▸ PROBLEM: Word for word, copy the line containing "Helen Stark Image" and every line after it in the records below, leaving pictures out.

INPUT MATERIAL Block Start

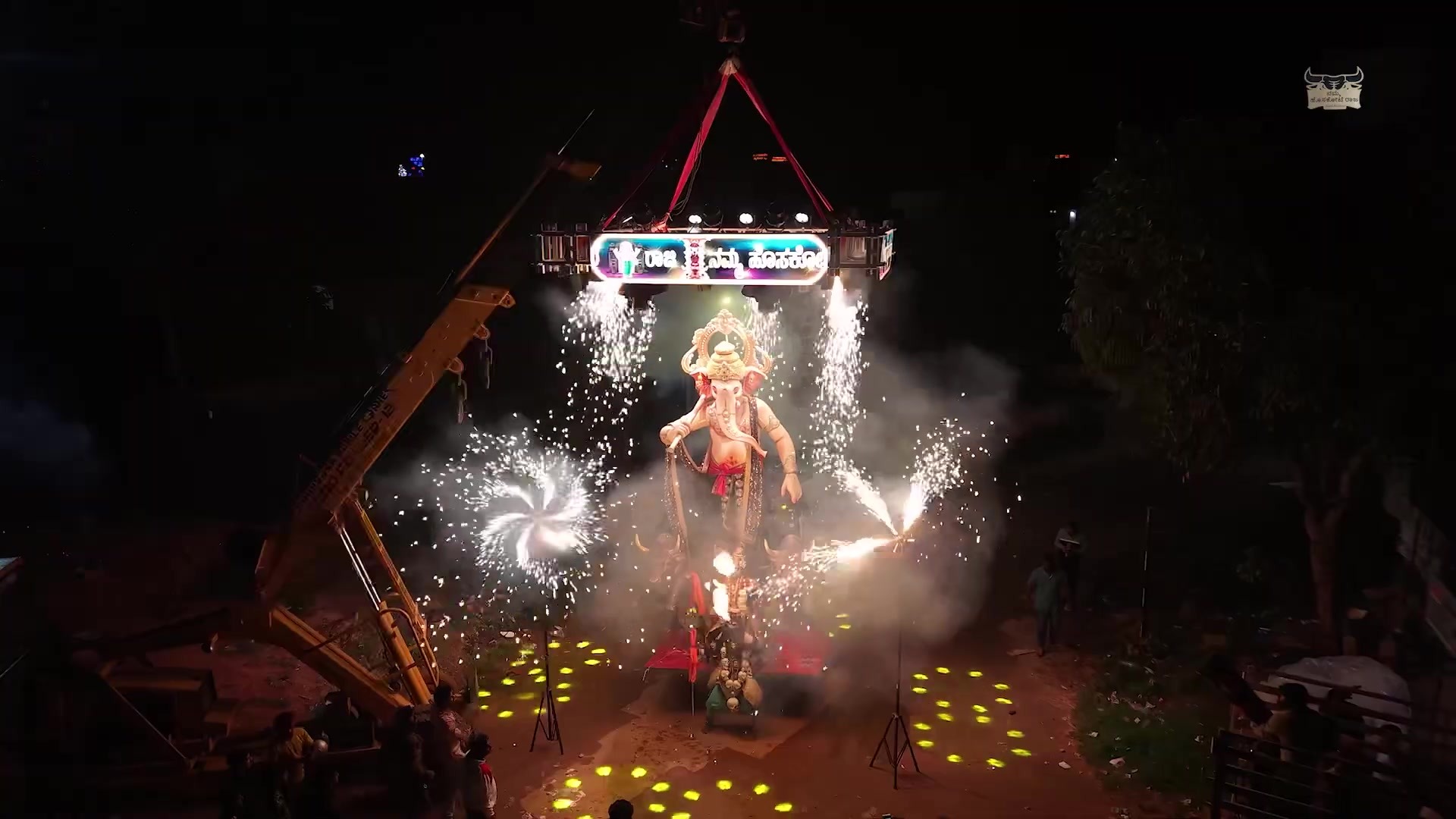 Ganesha idol lifted by crane under a lit gantry, framed by spiral fireworks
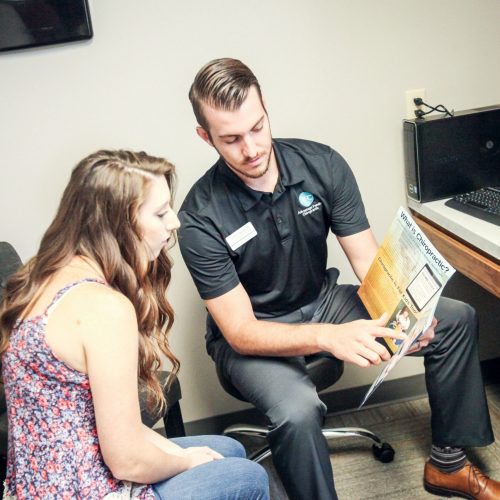 Advantage Family Chiropractic Chiropractor briefing a patient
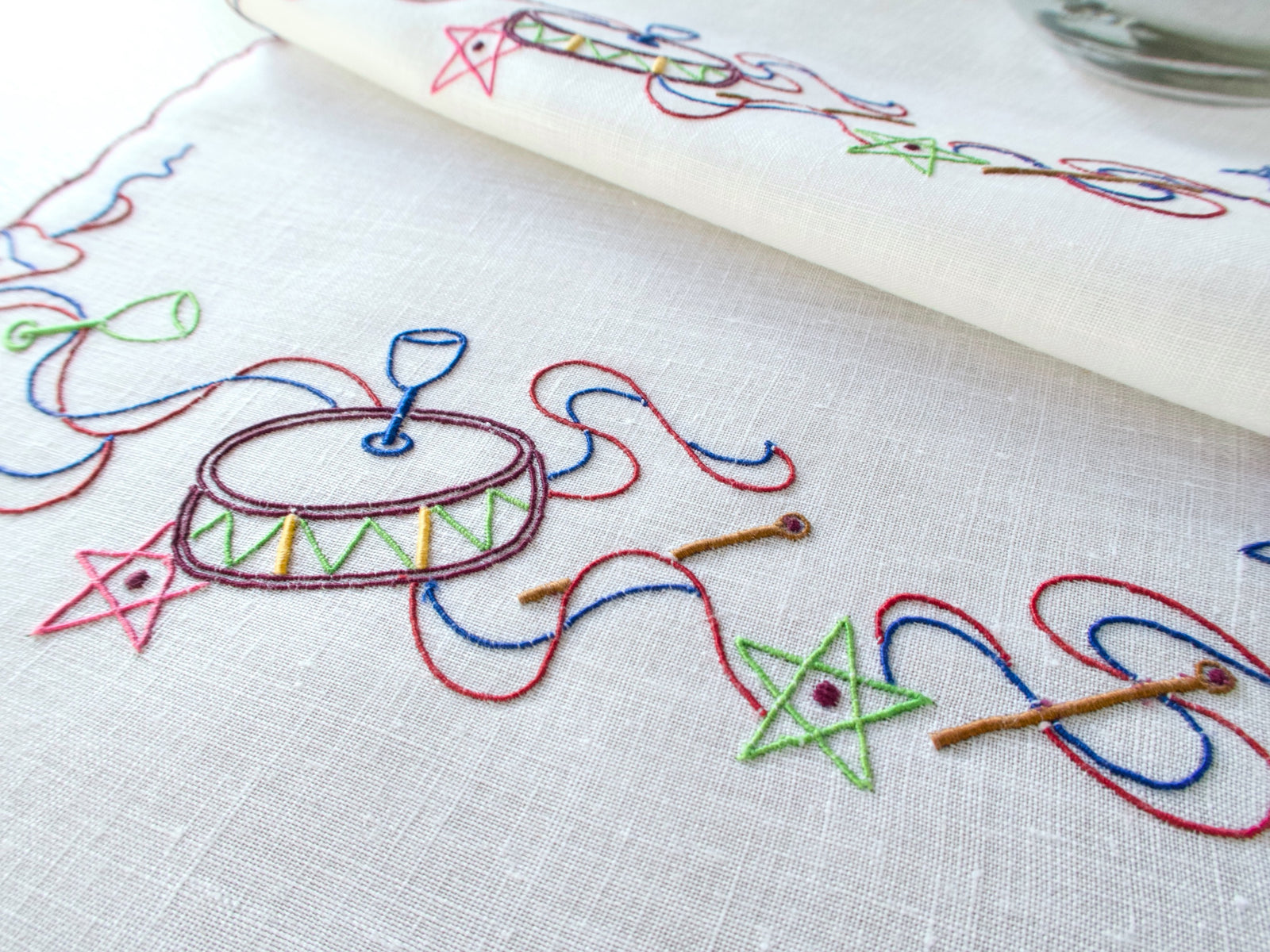 Vintage white linen cocktail napkins with colorful embroidered drums, stars & ribbons.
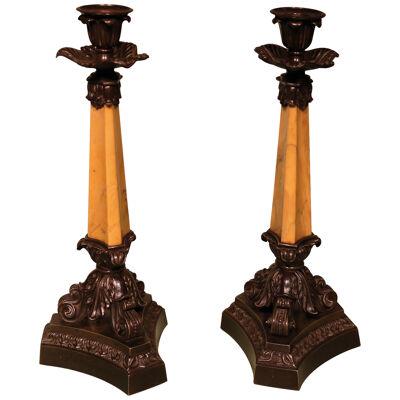 A pair of early 19th century bronze and Sienna marble candlesticks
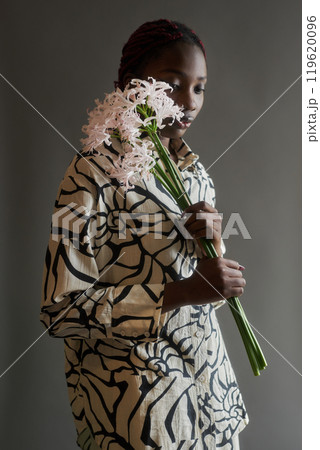 Delicate portrait of young Black woman posing with exotic flowers accentuating femininity in studio set 119620096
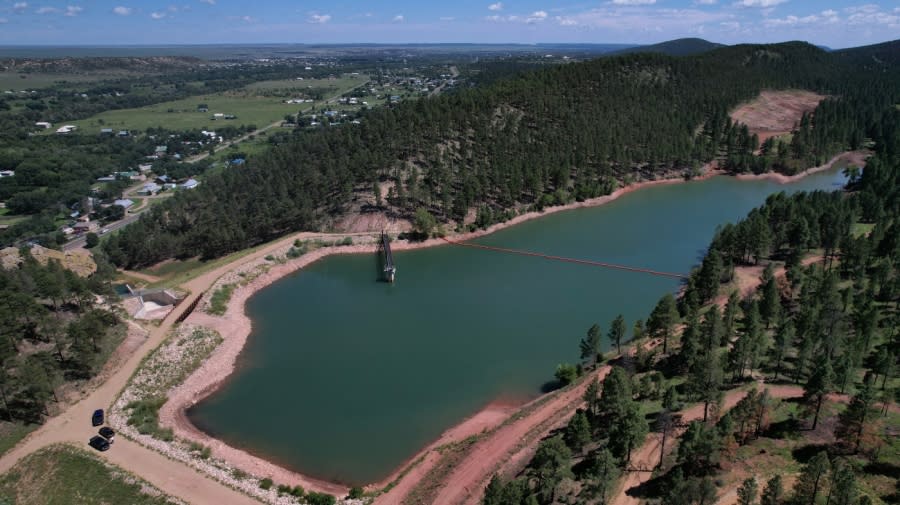 <em>The Bradner Reservoir, which supplies drinking water for the city of Las Vegas, N.M., is seen from the air in August. Officials say at one point this summer, the city only had 35 days’ worth of water left.</em>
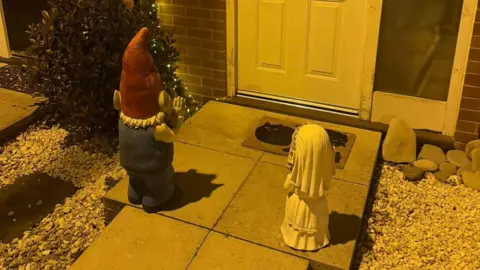 Helen Stark Image of a bride gnome and a gnome with glasses and a beard standing on a doorstep in the dark.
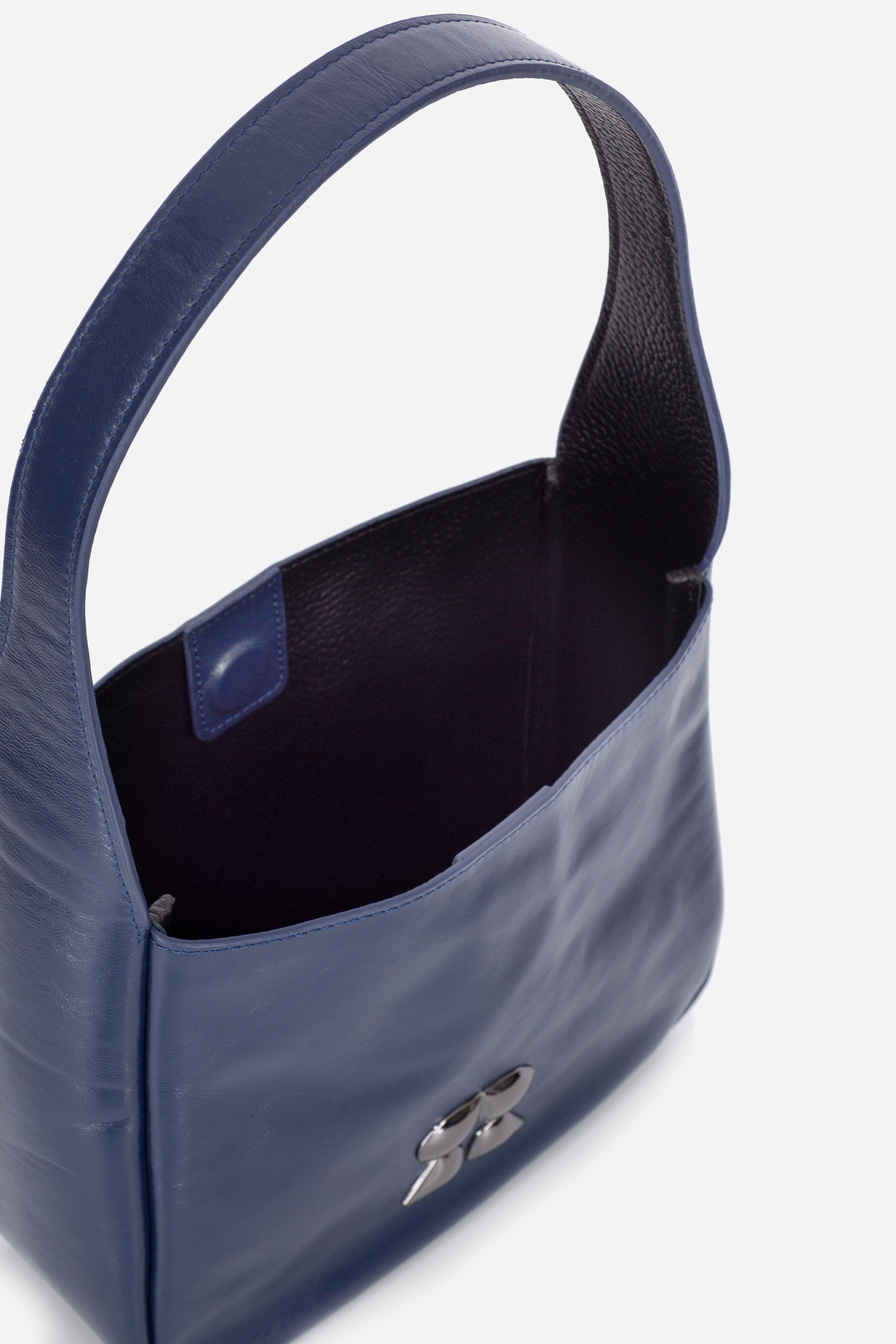 Rilu Camellia indigo leather shoulder bag close-up of contrasting interior/exterior leather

INPUT MATERIAL Block End

▸ SOLUTION TO THIS TASK:
 Helen Stark Image of a bride gnome and a gnome with glasses and a beard standing on a doorstep in the dark.
 Rilu Camellia indigo leather shoulder bag close-up of contrasting interior/exterior leather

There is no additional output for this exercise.